§ **Exercise instructions**: Whenever an image turns up, omit it and return the remaining data exactly.

§ **Recorded data**:
▼

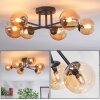 Chehalis Plafonnier, Boule lumineuse 55 cm Ambre, 6 lumières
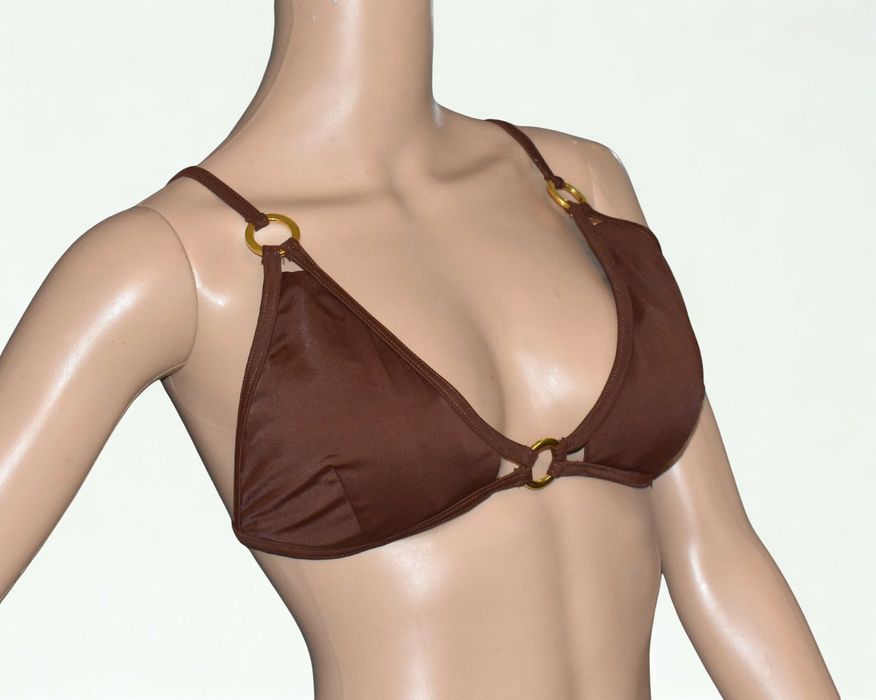 Góra bikini NLY Beach XL 42 brązowa wkładki push-up
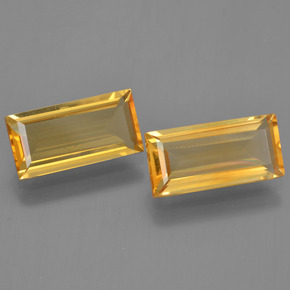 Pedras preciosas de citrino amarelo natural de 4,31 ct, baguete, VS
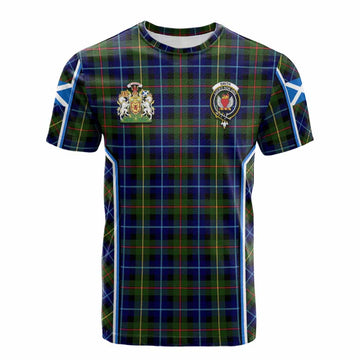 Smith Tartan Crest Cotton T-shirt Scotland Coat of Arm Flag Style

▲

§ **Response area**:
 Chehalis Plafonnier, Boule lumineuse 55 cm Ambre, 6 lumières
 Góra bikini NLY Beach XL 42 brązowa wkładki push-up
 Pedras preciosas de citrino amarelo natural de 4,31 ct, baguete, VS
 Smith Tartan Crest Cotton T-shirt Scotland Coat of Arm Flag Style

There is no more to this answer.